The History of HIV, Told by and for Those Who Were There.
AIDS Vancouver: The 30 30 Campaign
To celebrate its 30-year anniversary as the first AIDS service organization in Canada (opening in 1983), AIDS Vancouver wanted to connect with the community in a unique and thoughtful way. Be the Change Group envisioned and developed the 30 30 campaign, a comprehensive timeline of the history of HIV in British Columbia, told by the people who were there. The project required nine months of research using numerous archives, interviews, and historical documents.
Our team's hard work resulted in 59 interviews with the leaders and community members who were on the front lines of the epidemic, and the filming of 37, including medical health officers, community organizers, nurses, doctors, and the loved ones of those who were lost. One video story was released each day in July 2013, culminating in the release of the final video at a fundraising gala and celebration on the day of AIDS Vancouver's 30th anniversary.
The campaign is the most comprehensive HIV timeline in Canadian history.

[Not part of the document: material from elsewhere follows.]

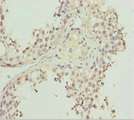 REEP1 Antibody - Immunohistochemistry of paraffin-embedded human testis tissue at dilution 1:100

We now have a historical archive like no other, documenting the fight against HIV in Vancouver and ensuring that we’ll never forget the stories and voices of those that survived and those who died.
If we lose the story, then we forget that
we have the power to make change.
Research and historical timeline
In producing one of the most comprehensive timelines to date, we reviewed and extracted over 500 unique sources from the BC Gay & Lesbian Archives, AIDS Vancouver historical documents, and academic sites to create a long-standing resource for our community.
Interviews and storytelling
We interviewed 59 leading clinicians, government officials, community workers, families, and people living with HIV, and filmed 37 individuals who shared the stories of their personal and professional experiences working and living through the HIV/AIDS epidemic in Vancouver.
Cherry Tree Memorial
Shrouded in historical secrecy due to discrimination and stigma, one of the first known AIDS memorials was located in our research, and is being honoured with an official dedication from the Vancouver Park Board for all future generations to remember.